Exercise inputs —
* * * *

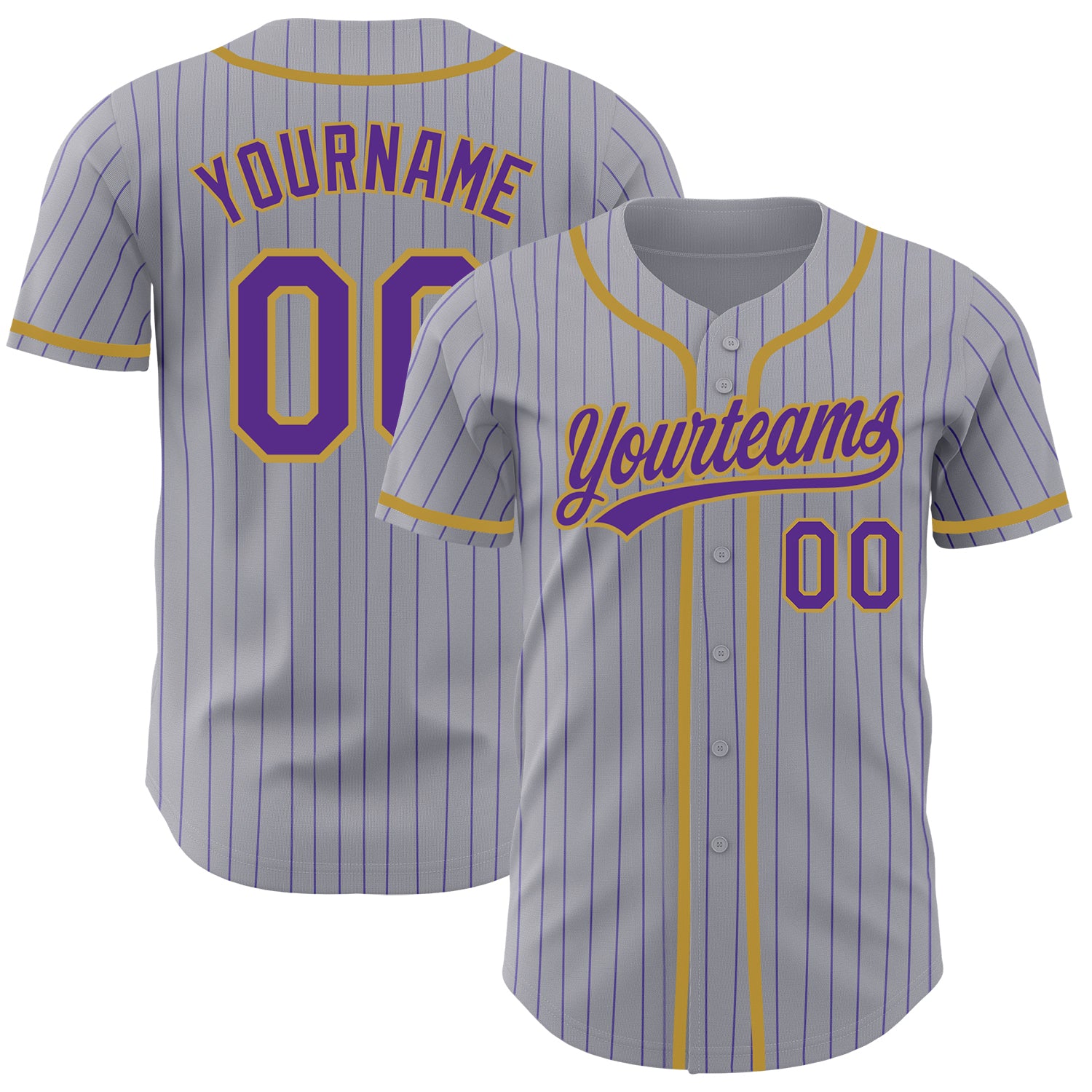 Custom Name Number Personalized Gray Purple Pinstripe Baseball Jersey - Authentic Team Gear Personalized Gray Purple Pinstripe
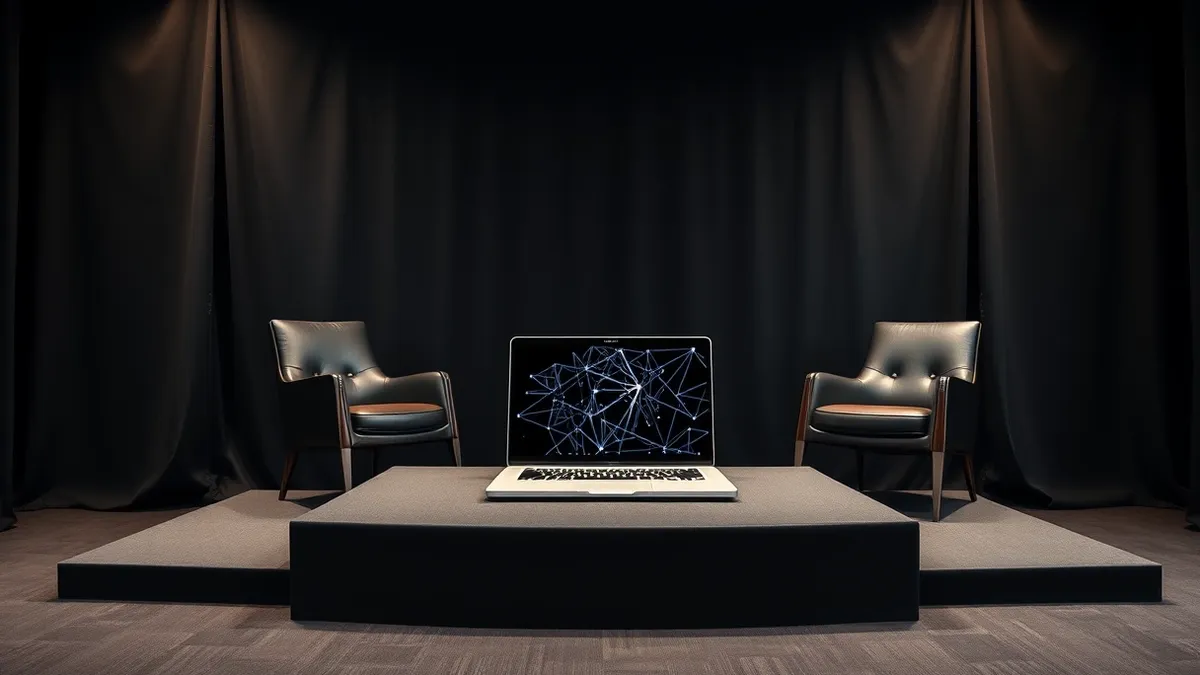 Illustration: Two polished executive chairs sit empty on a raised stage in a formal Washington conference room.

* * * *

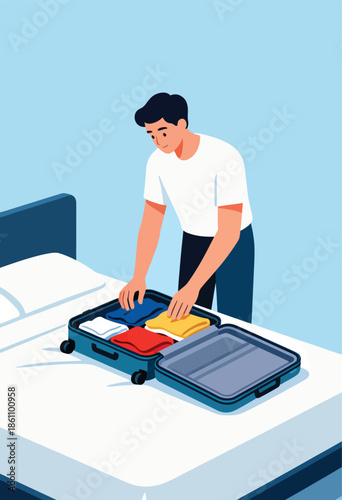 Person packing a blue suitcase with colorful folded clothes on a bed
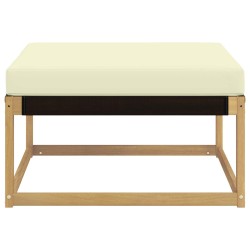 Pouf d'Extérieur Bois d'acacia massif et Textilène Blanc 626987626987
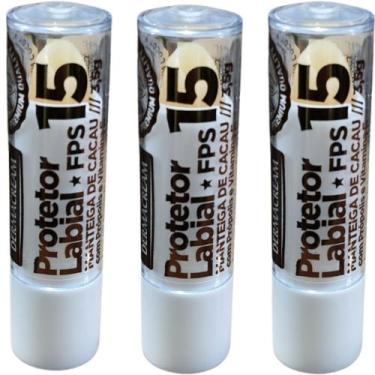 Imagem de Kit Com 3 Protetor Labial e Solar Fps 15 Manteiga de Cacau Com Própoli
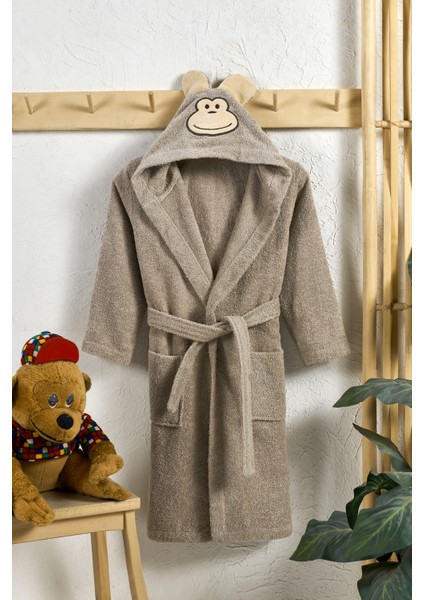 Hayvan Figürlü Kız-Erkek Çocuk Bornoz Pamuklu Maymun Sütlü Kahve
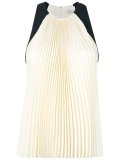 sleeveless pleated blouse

* * * *

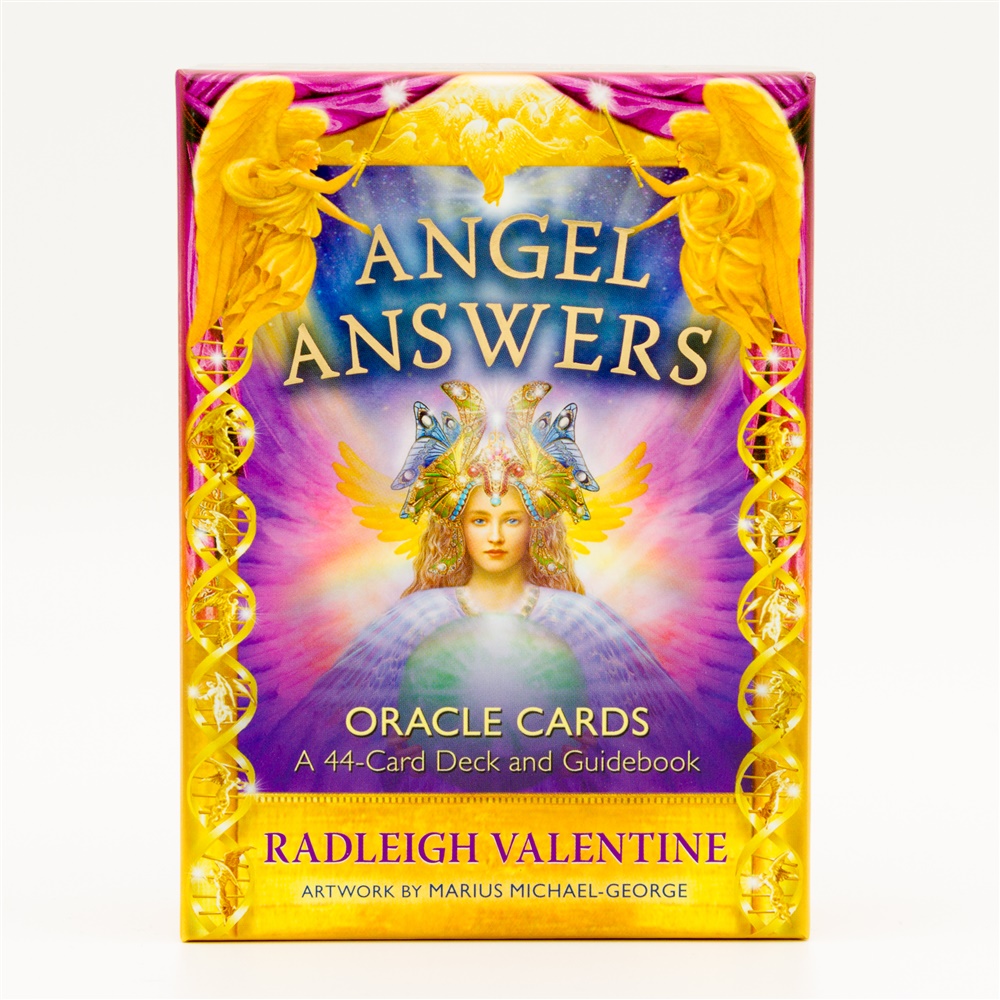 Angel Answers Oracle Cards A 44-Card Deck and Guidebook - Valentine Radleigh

* * * *

Beginning at the line above that contains "Hayvan Figürlü Kız-Erkek", repeat each line exactly through the one that contains "sleeveless pleated blouse", and leave out the pictures.

 Hayvan Figürlü Kız-Erkek Çocuk Bornoz Pamuklu Maymun Sütlü Kahve
 sleeveless pleated blouse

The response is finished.